Take every record and write it out again exactly, with no images included.
--- DATA SUPPLIED ---
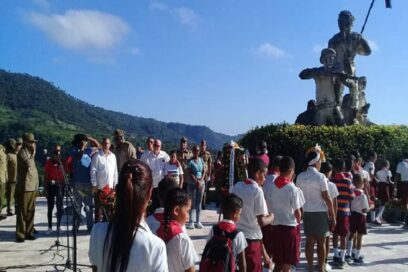 Homenaje al Comandante Juan Almeida Bosque en Tercer Frente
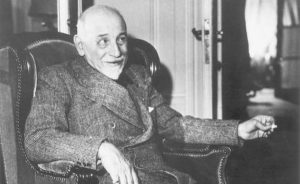 Pirandello fu uno degli scrittori più prolifici, scrisse non solamente i romanzi, ma anche numerose opere di teatro e persino all’inizio della sua formazione pubblicò qualche raccolta poetica. La sua opera letteraria non è divisa in vari periodi creativi, ma lui scrive contemporaneamente verso, novelle, romanzi, saggi critici e teatro. Dobbiamo menzionare che Pirandello volle portare, nella letteratura, nuove forme e strutture, non solamente per quel che riguarda il teatro, ma anche nel campo della narrativa. Pirandello cominciò a pubblicare come autore di versi: già durante gli studi a Palermo pubblicò, nel 1889, la sua prima raccolta poetica, intitolata “Mal giocondo”. A Roma Pirandello conobbe Luigi Capuana e, incoraggiato da lui, cominciò a scrivere la prosa. Per quel che riguardano i romanzi, Pirandello voleva, nella sua opera, allontanarsi da quelli tradizionali e prende presto coscienza del fatto che il romanzo tradizionale, specificamente quello naturalista, ha esaurito definitivamente la sua funzione.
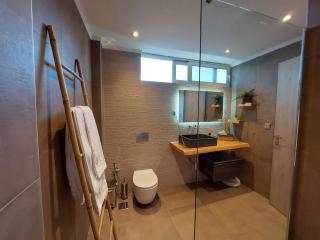 New minimal apartment,10' from Athens airport - Spata - 3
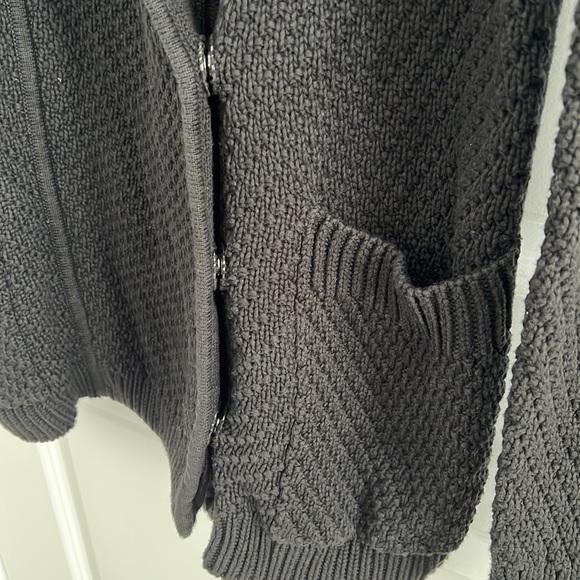 Lululemon Post Practice Cardigan - Picture 9 of 9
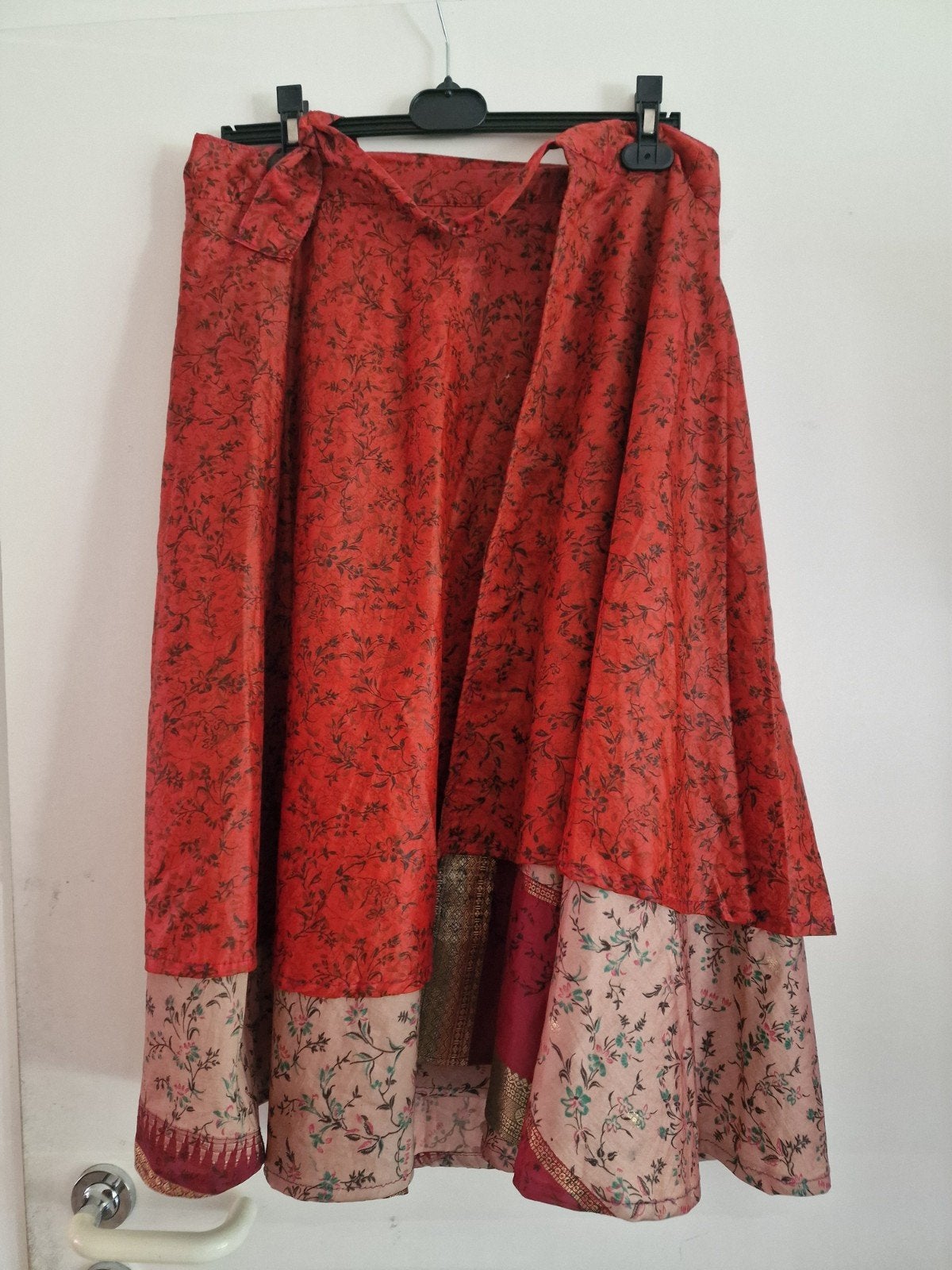 Prachtige wikkelrok met bloemenprint, Maat 38/40 (M), Ophalen of Verzenden, Onbekend, Zo goed als nieuw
---
→ **TASK RESPONSE**
 Homenaje al Comandante Juan Almeida Bosque en Tercer Frente
 Pirandello fu uno degli scrittori più prolifici, scrisse non solamente i romanzi, ma anche numerose opere di teatro e persino all’inizio della sua formazione pubblicò qualche raccolta poetica. La sua opera letteraria non è divisa in vari periodi creativi, ma lui scrive contemporaneamente verso, novelle, romanzi, saggi critici e teatro. Dobbiamo menzionare che Pirandello volle portare, nella letteratura, nuove forme e strutture, non solamente per quel che riguarda il teatro, ma anche nel campo della narrativa. Pirandello cominciò a pubblicare come autore di versi: già durante gli studi a Palermo pubblicò, nel 1889, la sua prima raccolta poetica, intitolata “Mal giocondo”. A Roma Pirandello conobbe Luigi Capuana e, incoraggiato da lui, cominciò a scrivere la prosa. Per quel che riguardano i romanzi, Pirandello voleva, nella sua opera, allontanarsi da quelli tradizionali e prende presto coscienza del fatto che il romanzo tradizionale, specificamente quello naturalista, ha esaurito definitivamente la sua funzione.
 New minimal apartment,10' from Athens airport - Spata - 3
 Lululemon Post Practice Cardigan - Picture 9 of 9
 Prachtige wikkelrok met bloemenprint, Maat 38/40 (M), Ophalen of Verzenden, Onbekend, Zo goed als nieuw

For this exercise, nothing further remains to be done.